# Data in this exercise
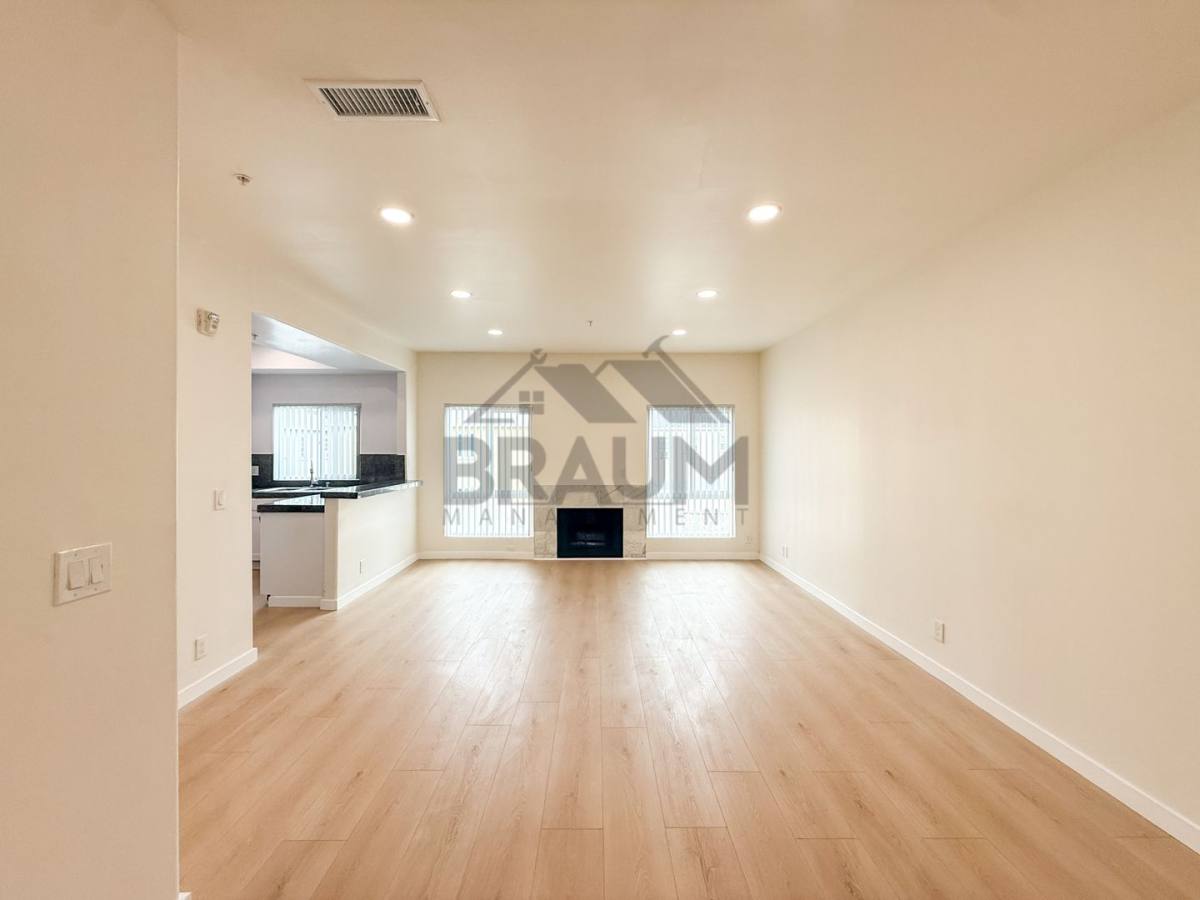 Townhouse for rent at 11035 Moorpark St, North Hollywood, CA 91602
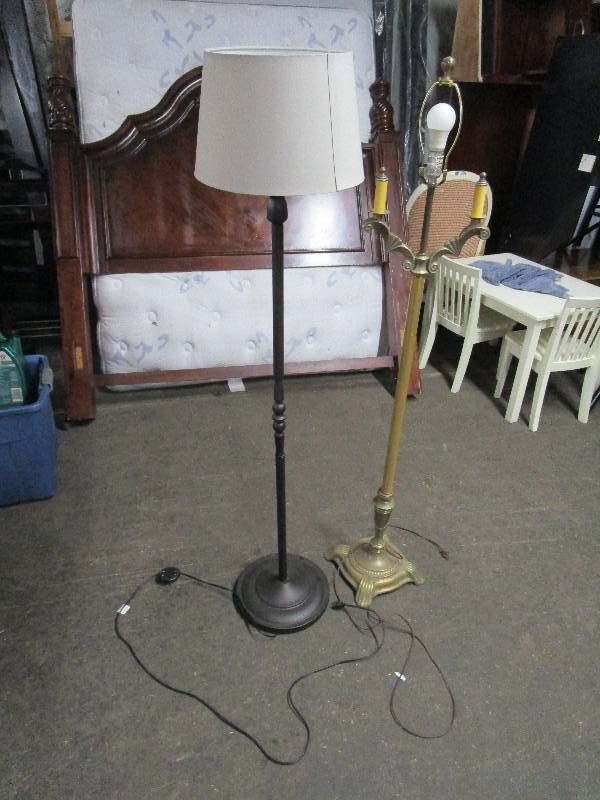 lot 8335 image: Lot of Lamps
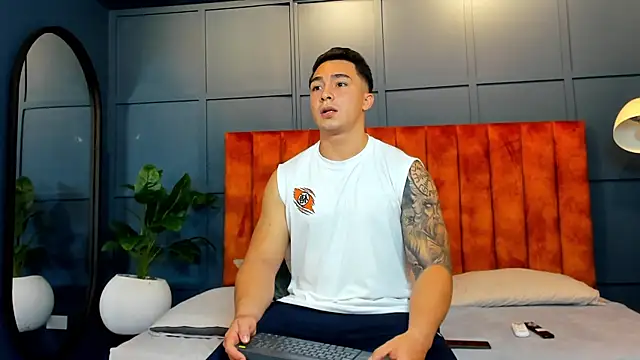 Snapshot of Ryan_Hunt chatting on 03-14-25, 12:51 Ryan Hunt online show from 03-14-25, 12:51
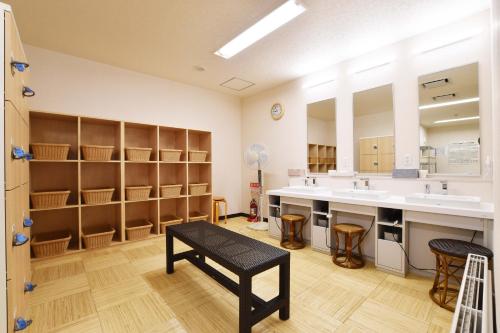 La salle de bains est pourvue d'un lavabo et d'un grand miroir. dans l'établissement Takinoue Hotel Keikoku, à Takinoue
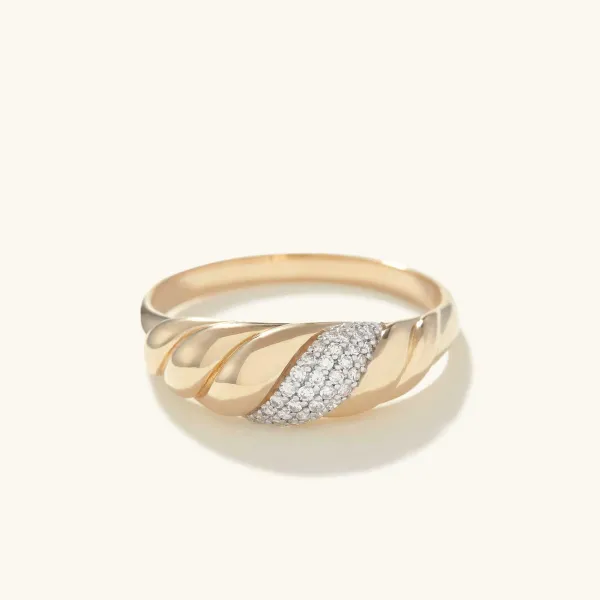 Rings<Mejuri Pav Diamond Croissant D Me Ring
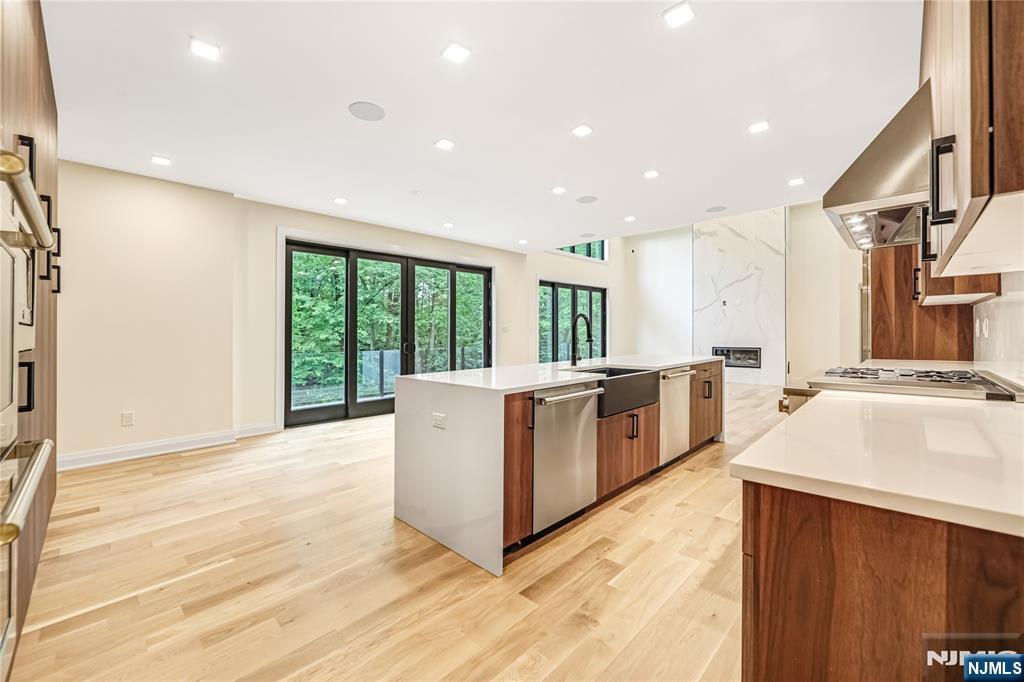 Saddle River, New Jersey 07458, United States, 5 Bedrooms Bedrooms, ,5 BathroomsBathrooms,Residential,Active,195534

# Task brief
Write out all the records again, exactly, minus any pictures.

# The completed task
 Townhouse for rent at 11035 Moorpark St, North Hollywood, CA 91602
 lot 8335 image: Lot of Lamps
 Snapshot of Ryan_Hunt chatting on 03-14-25, 12:51 Ryan Hunt online show from 03-14-25, 12:51
 La salle de bains est pourvue d'un lavabo et d'un grand miroir. dans l'établissement Takinoue Hotel Keikoku, à Takinoue
 Rings<Mejuri Pav Diamond Croissant D Me Ring
 Saddle River, New Jersey 07458, United States, 5 Bedrooms Bedrooms, ,5 BathroomsBathrooms,Residential,Active,195534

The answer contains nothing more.